Primo giorno di scuola al liceo per Leo e Remi; qualcuno li apostrofa che sono più che amici, anzi una “coppia”. Remi suona il clarinetto.

Dopo tante occasioni di stare insieme Leo prende le distanze dall’amico, mentre Remi soffre per il respingimento dell’amico del cuore. Quanti di noi durante l’adolescenza hanno avuto l’amico del cuore? Tutti direi vista l’età evolutiva senza però che il sentimento si trasformasse in una tragedia come nella presente storia-

Quando tutta la classe va ad una gita scolastica Remi non si presenta: si è suicidato per il dolore del rifiuto. Nel liceo tutti sono distrutti dalla tragedia.

Dopo aver elaborato il lutto Leo sopravvissuto alla tragedia si sente in colpa per il suicidio dell’amico. Purtroppo c’è da sottolineare che la cultura belga nei confronti dei minori non è del tutto sana. Ci si chiede dove erano i genitori dei due ragazzini?

Dove era la madre di Leo che non si è accorta della problematica.
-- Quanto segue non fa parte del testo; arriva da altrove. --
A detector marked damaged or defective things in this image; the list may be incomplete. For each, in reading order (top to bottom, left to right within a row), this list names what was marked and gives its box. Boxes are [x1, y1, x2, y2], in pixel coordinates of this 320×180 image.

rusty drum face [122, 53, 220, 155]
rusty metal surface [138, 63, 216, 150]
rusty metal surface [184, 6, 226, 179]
Siamo di fronte a degli adulti che non sanno preservare gli adolescenti dalle loro pulsioni

In fondo da una regia belga cosa ci si poteva aspettare? Prevediamo che il film avrà successo perché tocca l’anima di genitori spesso inadeguati.

Dhont ha già dimostrato di essere un talentuoso regista di giovani attori con il suo debutto, Girl, proiettato a Cannes Un Certain Regard nel 2018, dove ha vinto diversi premi, tra cui la Camera d’Or per la migliore opera prima. Il suo lavoro su Close si basa su questo, catturando il ribollente mondo interiore del personaggio centrale.

Close appartiene a quel genere di soggetti maneggiati con una delicatezza di approccio e un abbraccio empatico, e suggerisce che c’è un sano appetito del pubblico per film trattati con sensibilità come questo, che esplorano i bordi scomodi dell’infanzia.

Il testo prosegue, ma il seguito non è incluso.